Letztlich ist es in China generell sehr schwierig, alle Interessen zu bündeln. Das hat auch der Staatsrat erkannt und im Juni dieses Jahres eine so genannte „Leitungsgruppe für Produktqualität und - sicherheit" berufen. Ihre Aufgabe ist es, die mangelhafte Koordination zwischen den Akteuren zu verbessern. Dennoch ist es – laut Medienberichten – fraglich, ob die Interessenbündelung zum Erfolg führt, da die Interessen der einzelnen Parteien zu ausgeprägt und divergierend sind. Im kommenden Herbst soll ein neues Lebensmittelgesetz in Kraft treten. „Wir hoffen, dass dieses Gesetz unsere Zusammenarbeit mit der Leitungsgruppe verbessern wird."
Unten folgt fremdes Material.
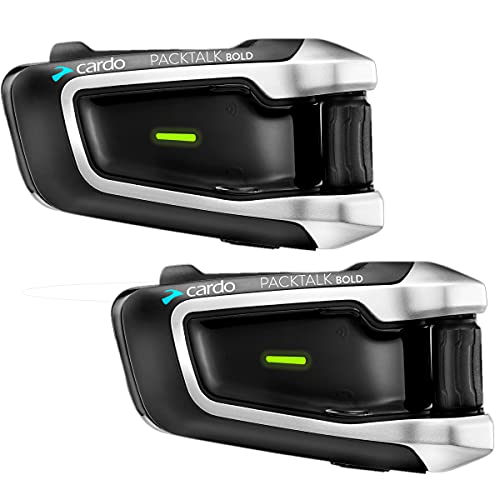 Cardo カルド PACKTALK SLIM JBL DUO インカム Amazon.com: Cardo Dual Packtalk Slim JBL Bluetooth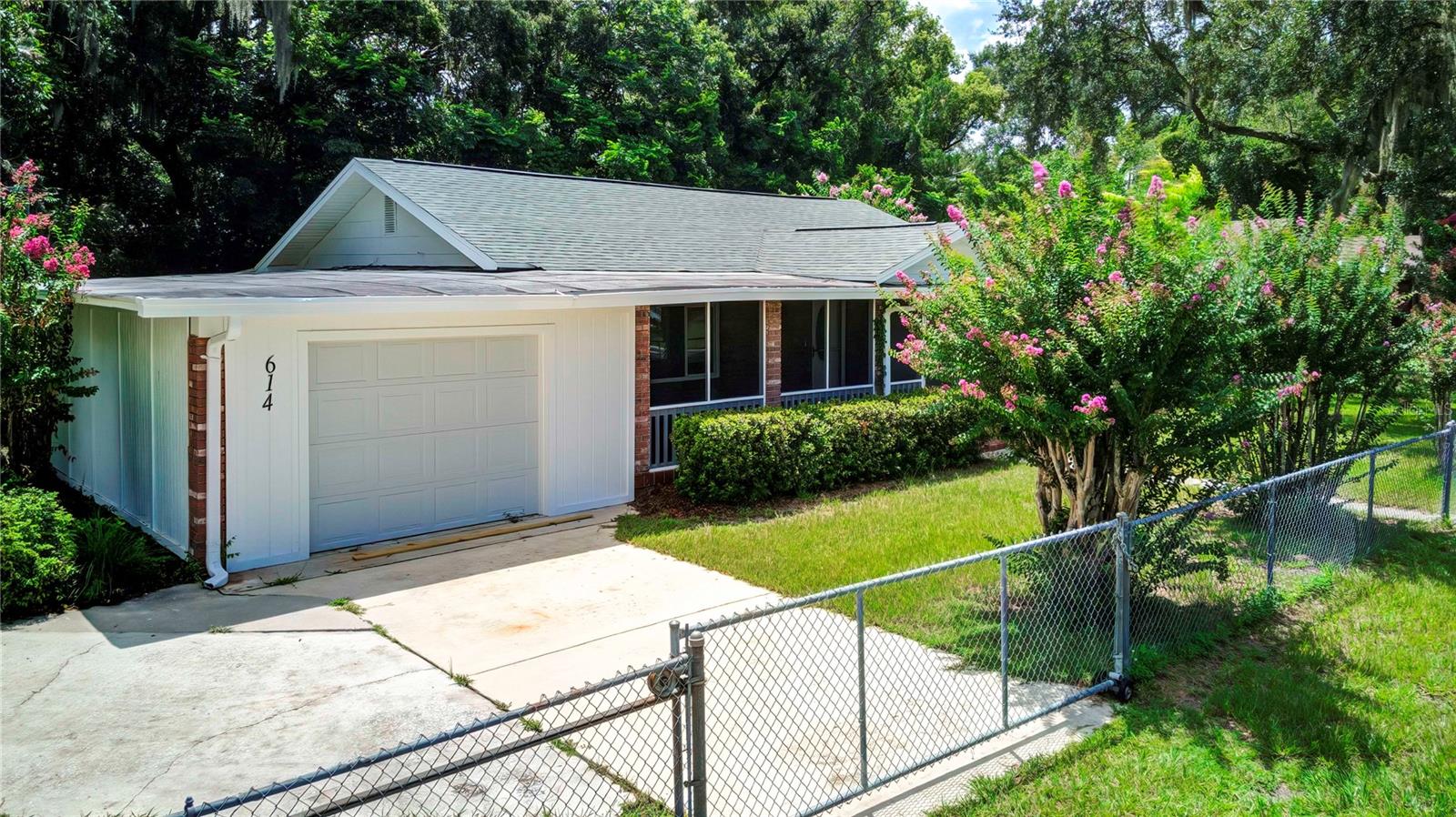 614 Powell, Wildwood, FL 34785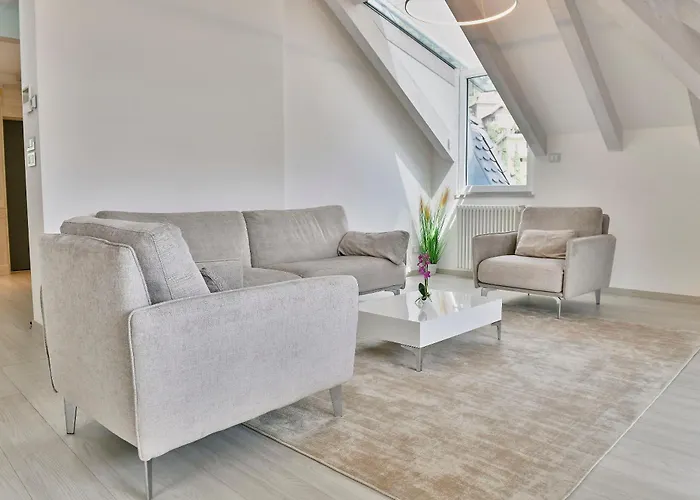 Eden House Experience Apartment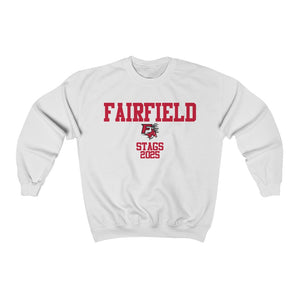 Fairfield Class of 2025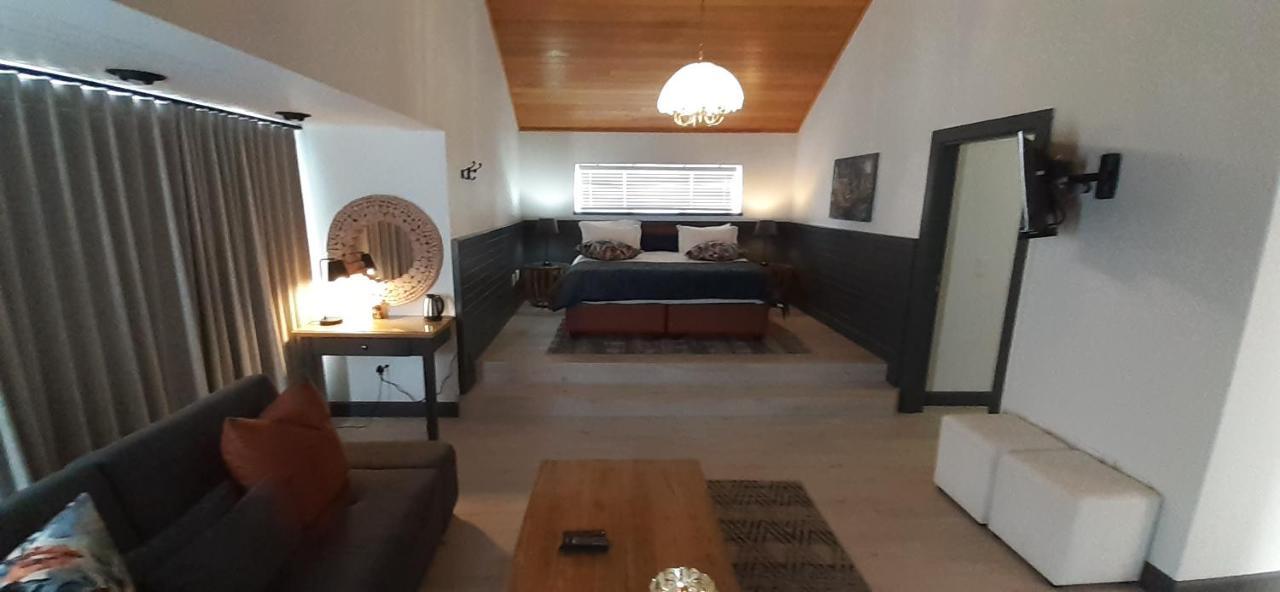 Guesthouse Indongo Swakopmund Eksteriør bilde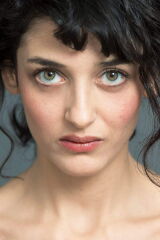 Elif Nur Kerkük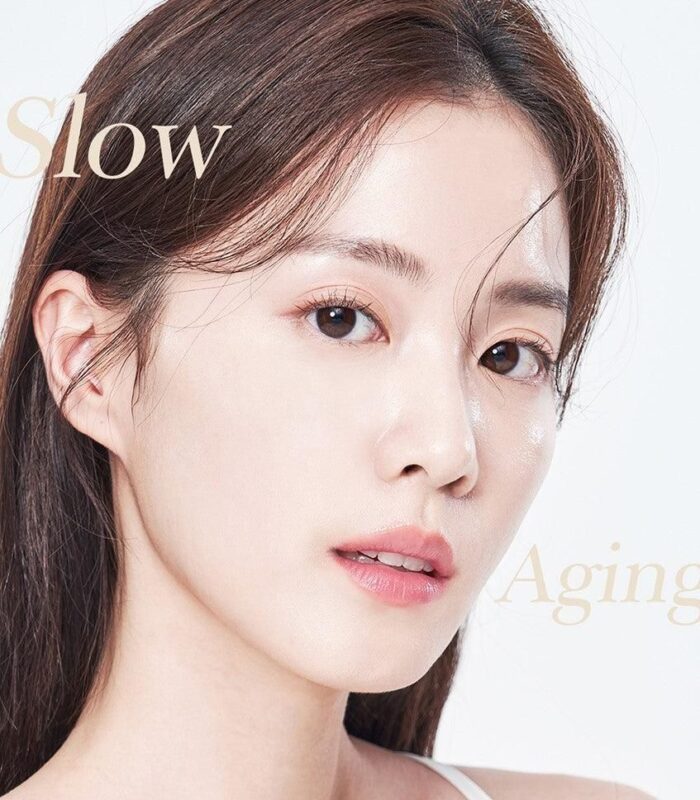 9wishes Vegan Collagen Ampoule 30ml - EmpressKorea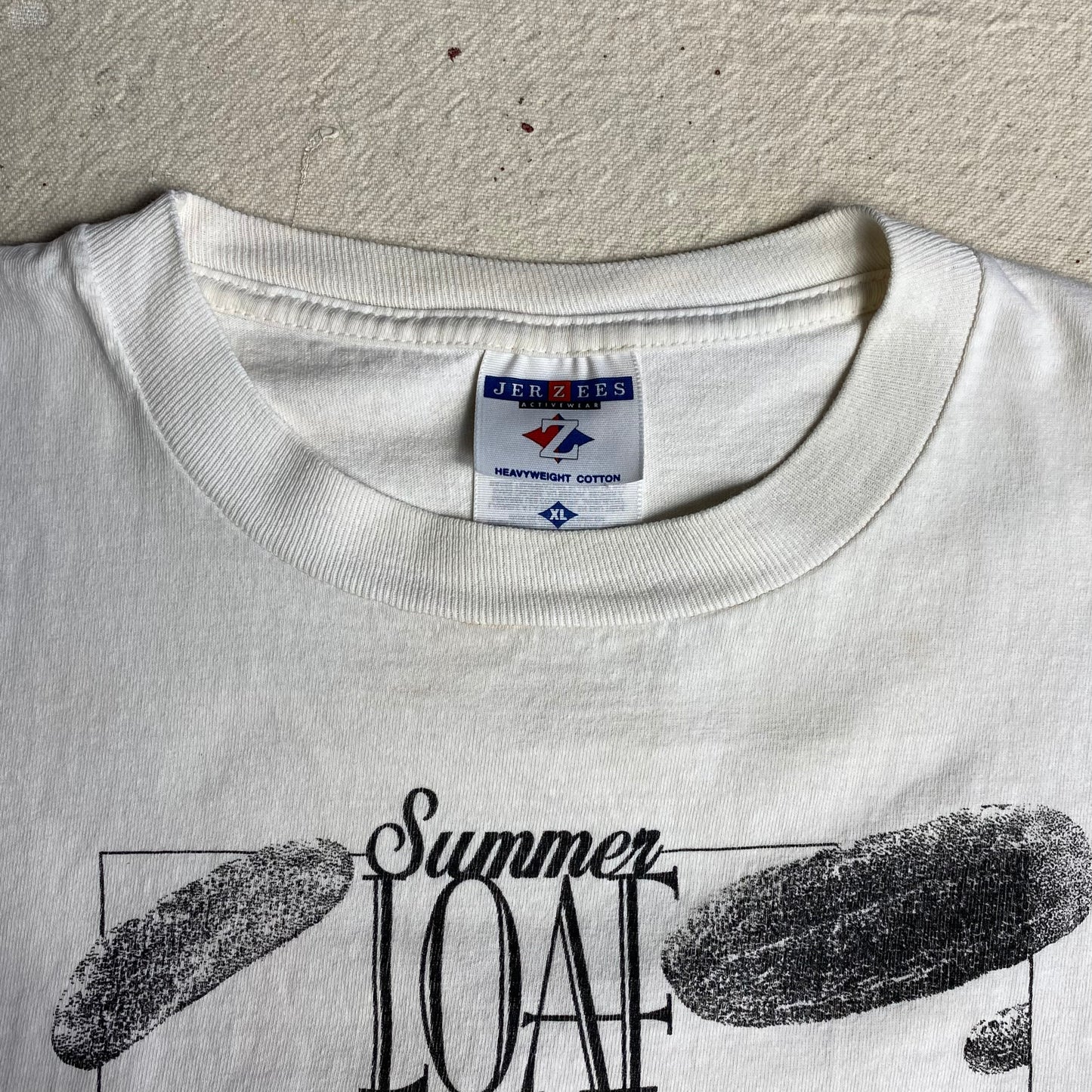 Loaf Tee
Absolute Kontrolle unmöglich

Seit etwa 18 Monaten läuft das Projekt der GTZ zur Optimierung der Lebensmittelqualität – bislang in einem Landkreis der Provinz Hebei. Üblicherweise beinhaltet das Kontrollsystem eine Risikoabschätzung, die Aufschluss darüber gibt, ob und in welchem Ausmaß Menschen davon betroffen sind, falls ein Unternehmen kontaminierte Produkte verkauft. Hinzu kommt ein Risikomanagement, das aus einem System zur Rückverfolgbarkeit von Lebensmitteln und aus einem Notfallsystem besteht.  „Wenn sich das Projekt bewährt, ist es durchaus möglich, dass daraus generelle Richtlinien für ganz China hergeleitet werden. Die Regierung kann diese umsetzen, damit die Unternehmen ihren gesetzlichen Verpflichtungen nachkommen," erklärt Bohnstedt. Dennoch wird es wohl auch in naher Zukunft keine hundertprozentige Sicherheit von Lebensmitteln im Reich der Mitte geben. „Da China durch Millionen von Klein- und Kleinstbetrieben geprägt ist, die teilweise eine Fläche von unter 1/16 ha. haben, ist eine absolute Überwachung faktisch unmöglich." Aber dass eine hundertprozentige Lebensmittelsicherheit Utopie ist, hat ja schließlich auch der jüngste Gammelfleischskandal in Deutschland gezeigt.

Lebensmittel bei Olympia 2008: „Nahezu perfekt."

China vermag Unglaubliches zu leisten, zumindest bei den Olympischen Spielen 2008 in Beijing. Auf einem internationalen Expertentreffen zur Optimierung der Lebensmittelqualität während der Spiele äußerte sich ein deutscher Experte voller Begeisterung: Von dem, was die Chinesen für Olympia 2008 realisiert hätten, könne man in anderen Ländern nur träumen. Es handle sich um eine lückenlose Überwachung, die faktisch ein Nullrisiko anstrebe. Die Fabriken, die Nahrungsmittel nicht nur für die Athleten, sondern auch für die Besucher herstellten, seien handverlesen und würden online überwacht. Über jeder Abfülllinie seien Kameras installiert. Alle Distributionsfahrzeuge verfügten über ein Positionierungssystem, so der Experte. Man wüsste zu jeder Zeit, wo sich jedes Fahrzeug gerade befinde. Alle Fahrzeuge würden online auf Temperatur und Feuchtigkeit überwacht. Es gebe eine Datenbank, die alle Daten zusammenführe und komplexe statistische Auswertungen erlaube. Es sei nahezu perfekt. Das System sei zwar nicht für einen landesweiten Einsatz geeignet, da man sich bei der Auswahl der Produktionsstätten auf Groß- und Staatsbetriebe beschränkt habe. Aber es sei allemal einfacher, ein perfektes System abzuspecken, als ein neues System zu installieren, so der deutsche Experte.

Positive Aussichten

Letztlich zeigt der erzielte Qualitätsstandard bei der Überwachung der Lebensmittel für die Olympischen Spiele aber vor allem eins: was China leisten kann, wenn ein Motivationsschub gegeben ist. Auch Bengt Bohnstedt blickt optimistisch in die Zukunft. Auf die Frage, ob China denn irgendwann einmal die Qualitätsstandard der USA oder Europas erreichen wird, antwortet er: „Da bin ich mir ziemlich sicher. Die Frage ist nicht ob, sondern wann."